John Foster Dulles - Political Career

Political Career

In 1918, Woodrow Wilson appointed Dulles as legal counsel to the United States delegation to the Versailles Peace Conference where he served under his uncle, Robert Lansing, then Secretary of State. Dulles made an early impression as a junior diplomat by clearly and forcefully arguing against imposing crushing reparations on Germany. Afterwards, he served as a member of the War Reparations Committee at the request of President Wilson. Dulles, a deeply religious man, attended numerous international conferences of churchmen during the 1920s and 1930s. In 1924, he was the defense counsel in the church trial of Rev. Harry Emerson Fosdick, who had been charged with heresy by opponents in the denomination (the event which sparked the Fundamentalist–Modernist Controversy), a case settled when Fosdick, a liberal Baptist, resigned his pulpit in the Presbyterian Church, which he had never joined. Dulles also became a partner at Sullivan & Cromwell, an international law firm.

Following Adolf Hitler's appointment as Reichskanzler in 1933, Dulles oversaw the direction of investment worth more than $1 billion in businesses in Nazi Germany. According to Stephen Kinzer's 2006 book Overthrow, Dulles' firm benefited directly from doing business with the Nazi regime. In addition, throughout 1934 Dulles was a very public supporter of Hitler. However, the junior partners, led by his brother Allen, were appalled by the firm's Nazi connections and threatened to revolt if Dulles did not end them. In 1935, Dulles closed Sullivan & Cromwell's Berlin office; later he would cite the closing date as 1934, no doubt in an effort to clear his reputation by shortening his involvement with Nazi Germany.

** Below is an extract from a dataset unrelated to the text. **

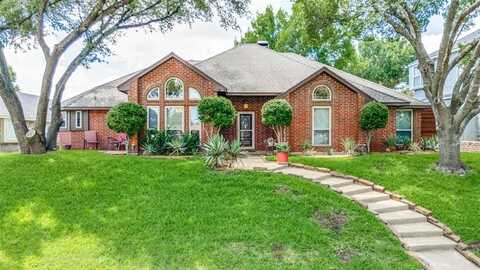 646 Rickey Canyon Avenue, DeSoto, TX 75115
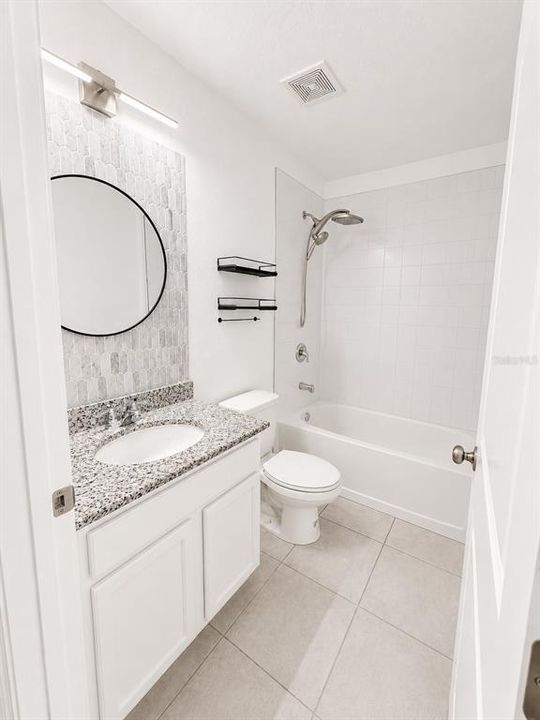 For Sale: $299,900 (3 beds, 2 baths, 1405 Square Feet)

Dulles was a close associate of Thomas E. Dewey, who became the presidential candidate of the Republican Party in the 1944 election and 1948. During the elections Dulles served as Dewey's chief foreign policy adviser. In 1944, as Dewey's adviser, Dulles took an active role in establishing the Republican plank calling for the establishment of a Jewish commonwealth in Palestine.

In 1945, Dulles participated in the San Francisco Conference and worked as adviser to Arthur H. Vandenberg and helped draft the preamble to the United Nations Charter. He subsequently attended the United Nations General Assembly as a United States delegate in 1946, 1947 and 1950.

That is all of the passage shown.